The Republican-led House voted 54-42 along mostly party lines on a bill shrinking the newly instituted early voting period that drew long lines of voters for this year’s election. It now heads back to the state Senate, which will decide whether to go along with the changes made by the House.
The proposal reduces the start of in-person early voting from 35 days before Election Day to 20 days. It also eliminates a window during which voters could both register and vote on the same day.
Republicans pushed the bill over the objections of Democrats and some elections experts, who accused the GOP of ramming through changes without understanding the consequences. This is the final week during which Republicans control both chambers of the state legislature, after having lost control of the House to Democrats in the Nov. 4 election. The new legislature will be seated in January.

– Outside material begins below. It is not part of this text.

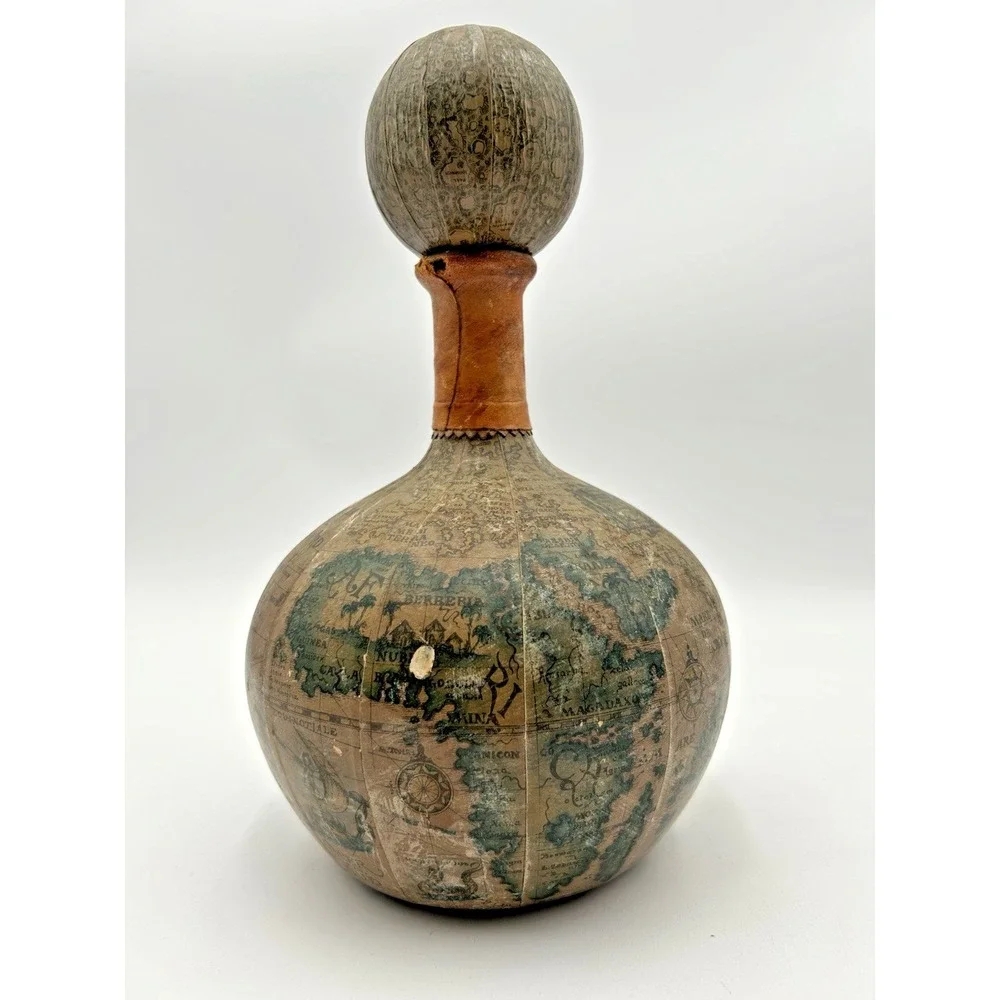 Lillian Vernon Vintage Rare Leather Wrapped Decanter World Map Made‎ In Italy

‘‘The two consistent messages, in both written and in personal testimony, were that election reform should be comprehensive, deliberate, well thought out and it should not be rushed, and two, it should be bipartisan,’’ said state Rep. Dan Stewart, a Columbus Democrat. ‘‘(This) fails both those criteria.’’
Statewide data breaking down how many voters took advantage of each day of early voting before the Nov. 4 election has not been compiled by the state. Some of Ohio’s 88 counties told the AP on Tuesday that officials did not keep daily totals, so the break down may never be known.
About 1.5 million people voted during the 35-day early voting period this fall. Lawmakers who support the bill say they don’t know how many fewer people would cast ballots by shrinking the window. Early voting was credited with helping reduce some of the long lines that had plagued Ohio polls in the 2004 presidential election.
The legislation’s GOP backers said they pursued the changes to the election calendar primarily to get rid of a weeklong period in which voters could both register and cast a ballot on the same day.
‘‘We were focused on those issues that the secretary herself said were unclear from her point of view,’’ said House Speaker Jon Husted, a Kettering Republican.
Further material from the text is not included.